The invention will now be further illustrated by the following examples.

Example 1

A solution of 1- (4-fluorophenyl) -1, 3-dihydroisobenzofuran-5-carbonitrile (4.8 g, 0.02 mol) in tetrahydrofuran (50 ml) was added dropwise to a solution of LDA (1.6M butyllithium (15 ml), 2.6 g diisopropylamine) at-30 ℃ under a nitrogen atmosphere. After stirring at-30 ℃ for 10 minutes, a solution of a compound of formula (IIa), (IIb) or (IIc) (0.02 mol) in tetrahydrofuran (25ml) is added dropwise and the temperature is raised to room temperature and stirring is carried out for a further 60 minutes. The reaction was then quenched with ice, extracted with toluene (3 × 50 ml), washed with water (50 ml), and concentrated under reduced pressure. The residue was purified by chromatography on silica gel using a mixture of n-heptane/ethyl acetate as eluent.

Claims (7)

1. A process for the preparation of citalopram comprising reduction of a compound of formula (III),wherein X is cyano or a group that can be converted to cyano; and when X is not cyano, subsequently converting the group X into cyano; and isolating citalopram as a base or a pharmaceutically acceptable acid addition salt thereof.

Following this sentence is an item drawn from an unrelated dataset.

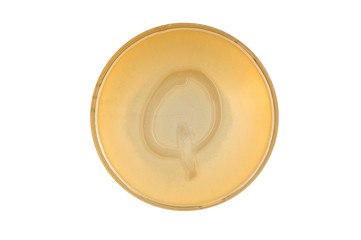 bacteria escherichia coli culture on plate in shape letter q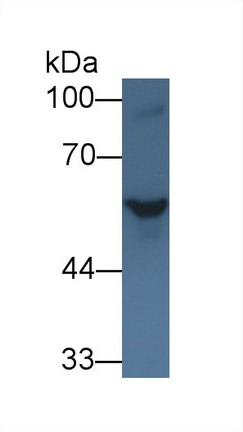 Polyclonal Antibody to Hedgehog Homolog, Sonic (SHH)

2. The method according to claim 1, wherein the compound of formula (III) is prepared byThe method comprises the following steps: reacting a compound of formula (I),wherein X is as defined above, with a compound of the formula (IIa),and if X is not cyano, optionally subsequently converting the group X into cyano, then dehydrating to form a compound of formula (III) and if X is not cyano, optionally subsequently converting the group X into cyano.

3. A process according to claim 1, wherein the compound of formula (III) is prepared by: reacting a compound of formula (I)Wherein X is as defined above, with a compound of formula (IIb),and if X is not cyano, optionally subsequently converting the group X into cyano, then dehydrating to form a compound of formula (III) and if X is not cyano, optionally subsequently converting the group X into cyano.

4. A process according to claim 1, wherein the compound of formula (III) is prepared as follows: reacting a compound of formula (I)Wherein X is as defined above, with a compound of formula (IIc),to form a compound of formula (V),and if X is not cyano, optionally subsequently converting the group X to cyano and then peroxidizing the double bond to form an epoxide, and if X is not cyano, optionally converting the group X to cyano and then reacting with dimethylamine or a salt thereof and then dehydrating to form a compound of formula (III), and if X is not cyano, optionally subsequently converting the group X to cyano.

5. A compound having the following formula (III) or an acid thereofAddition salts:wherein X is cyano or a group that can be converted to cyano.

6. A compound having the following formula (V):wherein X is cyano or a group that can be converted to cyano.

7. An antidepressant pharmaceutical composition comprising citalopram manufactured by a process according to any of claims 1 to 4.